I get the problem after the spend exposure render step.

Thanks in advanced.

yu-ya-tanaka commented 2 months ago

Hi, This looks similar to the following issue. https://github.com/facebookexperimental/Robyn/issues/705

What version Robyn and R are you using? Do you have the same issue when using geometric adstock or ts_validation = False?

AdQ-MiguelMolina commented 2 months ago

Hello and thanks for replying.

Yes I saw that issue before.

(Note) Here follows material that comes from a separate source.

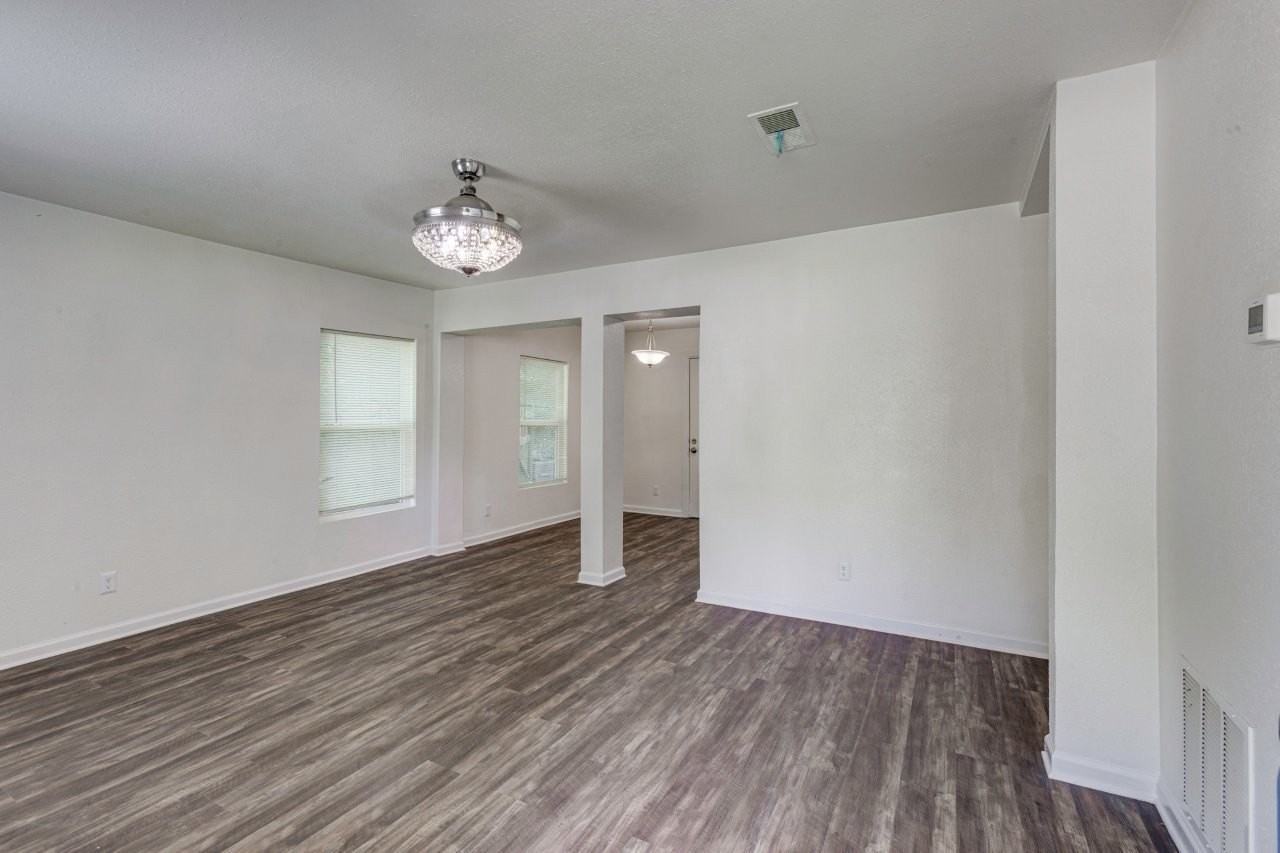 1738 Oak Hill Cir - Photo 4 of 23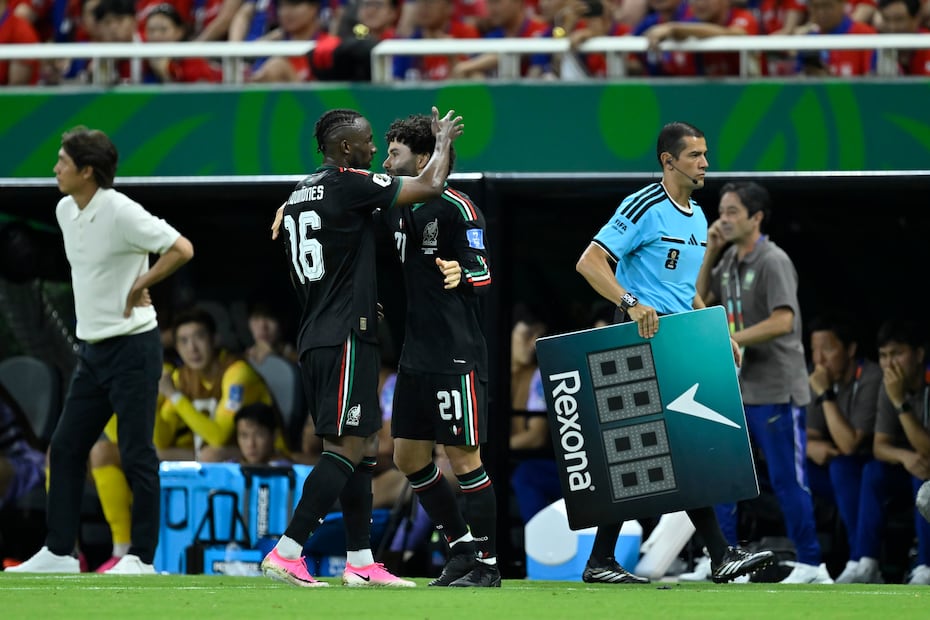 César "Chino" Huerta y Julián Quiñones con la Selección Mexicana, durante la Copa del Mundo de 2026 en el Estadio Guadalajara - Foto: Imago7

They commented that they solved it updating de RStudio version, but I am working on Jupyter Notebook and the API setup that are in the demo.

If I use the geometric adstock I don't get any problem, but using ts_validation=False with Weibull_pdf adstock I keep getting the same error.

I don't know what could be the problem, since I don't use RStudio, and the python input is well written, and if I there were any problem with the input text, another error would happen specifying that it is not well written.

Thanks again for the help.

gufengzhou commented 2 months ago

when you use ts_validation=False, you shouldn't add "train_size": [0.5, 0.8] to the list hyperParamsRanges anymore. Does it work if you remove it?

AdQ-MiguelMolina commented 2 months ago

I tried back then, but I had probably done something wrong, since this time it worked fine. Thanks for the help.